We're all familiar with customer satisfaction surveys. "Did we meet your needs? What is your perception of our service? Rate us 1 to 5"...blah blah blah.
Surveys like this can provide helpful information about what customers think, but they're usually too general to be very effective.
Continual improvement of products and services can be an effective approach to maintaining existing customers and winning new ones, especially if your goal is to create strong word of mouth. Strong word of mouth tends to create customer evangelists, those passionate advocates who tell others about your products and services.
To truly understand what your current evangelists think about you, say about you, and do about you, you must dig deeper than the typical satisfaction survey.
To understand what lives in the minds of your customers, you should seek out the following:
- What do current customers say that they LOVE about you?
- What specifically do they say you should improve?
- When was the last time you disappointed them?
- What do they value the most about your company?
- Which specific customers recommend you the most?
- What do they say specifically--in their own words--when they recommend you to others?
Our term for seeking the answers to these questions is "Customer Plus-Delta:" The plus signifies what's working well; the delta is all about specific improvement.

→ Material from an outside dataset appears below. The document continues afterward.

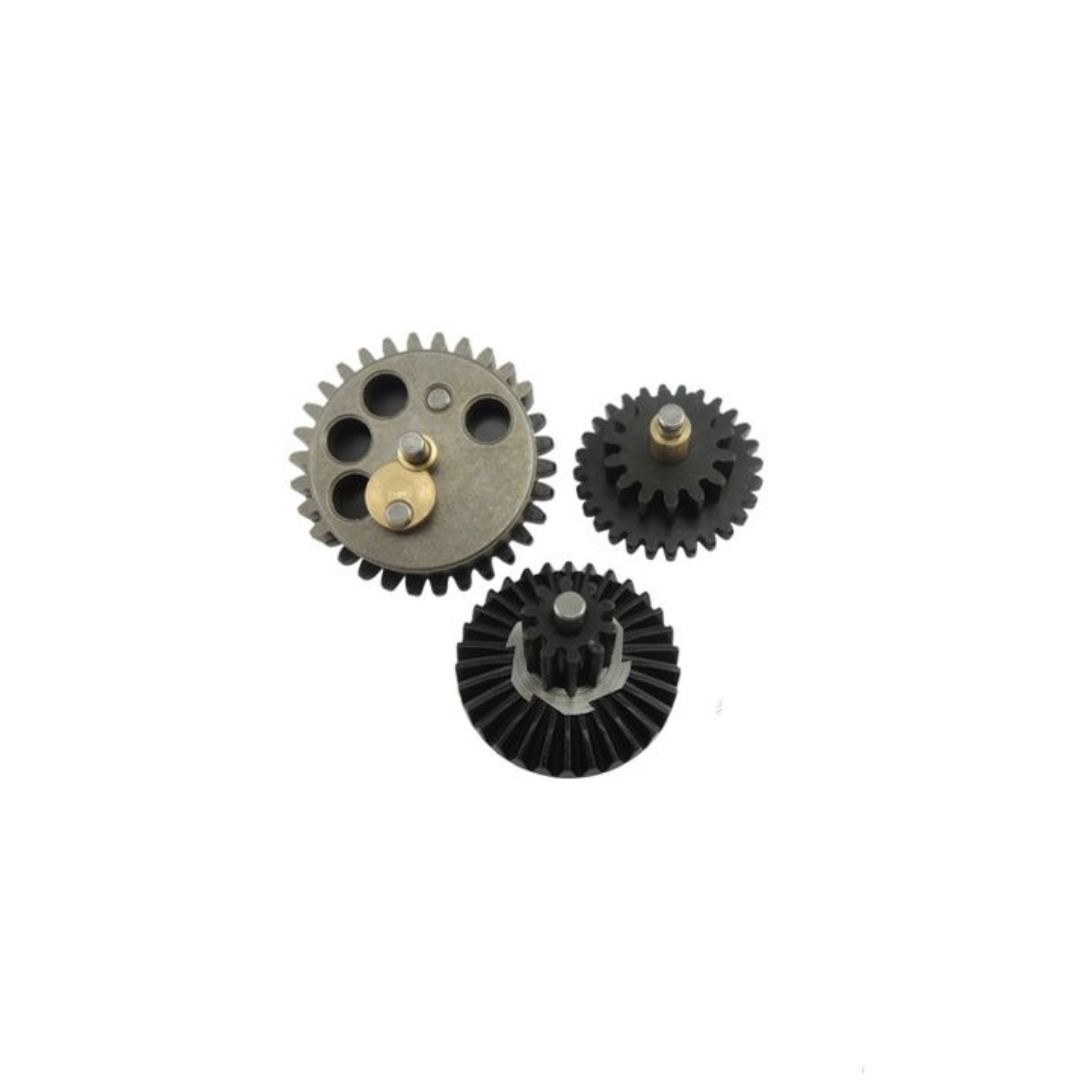 ZCI Airsoft AEG Next Gen CNC 18:1 Steel Gears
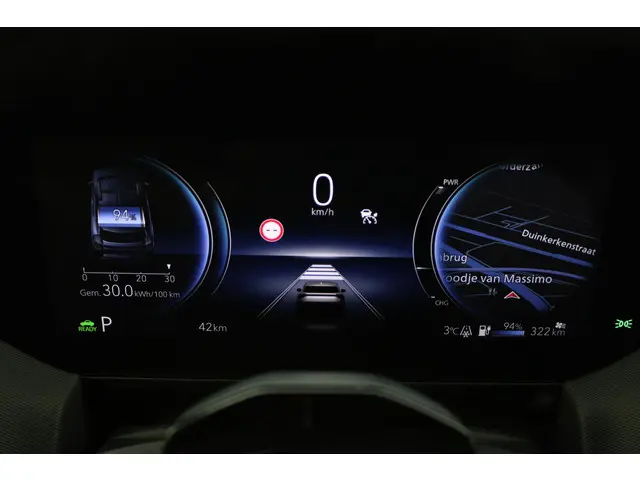 Toyota Urban Cruiser Executive 61 kWh 2026 Elektrisch 6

Here are six ways to gather this valuable customer knowledge that goes directly to the heart of creating customer evangelists:
1. Take At Least One Customer To Breakfast Or Lunch Every Week
Ask them as many questions as you can think of. Let them do all the talking. Sounds easy enough, right? Funny how fast our schedules fill up with internal meetings. Your customers are more important than anything else that could possibly be going on inside your company.
2. Scour the Web
Use Google to search what people say about you on fan sites, in the newsgroups, on email discussion lists. An online search will help you discover -- and quickly contend with- any customer vigilantes.
3. Do Customer Interviews
And we don't mean focus groups. Ask an independent third party to perform in-depth, in-person or phone interviews to capture what customers really think.
4. Use Online Surveys
Develop brief, 5-8 question surveys with at least a few open-ended questions, such as the ones mentioned earlier. Send the survey to your house email list and put it on your web site. SurveyMonkey is a terrific tool for this, and you can't beat its cost.
5. Host an Online Discussion
Bring your best customers together in an email discussion group (groups.Yahoo.com and Topica.com are free.) For the more advanced, try an online conference tool such as WebEx or PlaceWare.
6. Create a Customer Advisory Board
Ask your best customers to meet, physically or virtually, and provide feedback on a regular basis. You'll be surprised at how many customers jump at the chance to be on a board.
The strategy of Customer Plus-Delta has two additional benefits:
• You'll add to the buzz that you are a customer-centered company. Your customers will tell their friends, colleagues and family that you value their opinions. • You can document the positive comments you receive and use them as testimonials in your brochures, on your web site, and in your PR efforts.